Though learned, eloquent, and liberal, Sudbury lacked independence of character. Adhering to John of Gaunt rather than, as became his office, taking his own line, he was led to neglect his duty as archbishop, and was only stirred to activity by Courtenay, to whom he sometimes acted a secondary part. He seems also to have been in the habit of speaking with too little thought for the feelings of others. His murder caused him to be regarded as a martyr, miracles were worked at his tomb, and he was compared to his predecessor, St. Thomas (Gower, Vox Clamantis, i.c. 14). Nicholas Hereford [see Nicholas] is reported to have said that he deserved his death for blaming Wyclif.
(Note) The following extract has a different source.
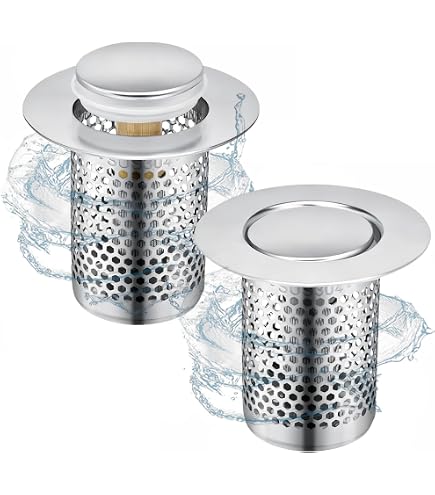 AHLSEN 2 Pcs Filtre évier Cuisine, Tamis lavabo en INOX, Filtre Cheveux Douche, Filtre de Vidange pour évier, Grille Evier Cuisine, Accessoire Drain Lavabo Baignoire Bonde, pour Salle de Bain Cuisine AHLSEN 2 Pcs Filtre évier Cuisine, Tamis lavabo en INOX, Filtre Cheveux Douche, Filtre de Vidange pour évier, Grille Evier Cuisine, Accessoire Drain Lavabo Baignoire Bonde, pour Salle de Bain Cuisine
Besides his work at Sudbury he rebuilt the west gate and a great part of the north wall of the city of Canterbury, and, the nave of the cathedral being in a ruinous state, pulled down the aisles, and laid the foundation of, and perhaps began, the two new aisles of the nave that were afterwards finished, probably with money that he had provided. In 1378 he set on foot a collection for the rebuilding, promising forty days' indulgence to those who helped in it. In 1379 the archdeacon of Canterbury (Audomarus de la Roche) being an alien and an adherent of the French king, Sudbury received from Richard the tempo- ralities of the archdeaconry to help him in that work, on which he was spending large sums of his own money.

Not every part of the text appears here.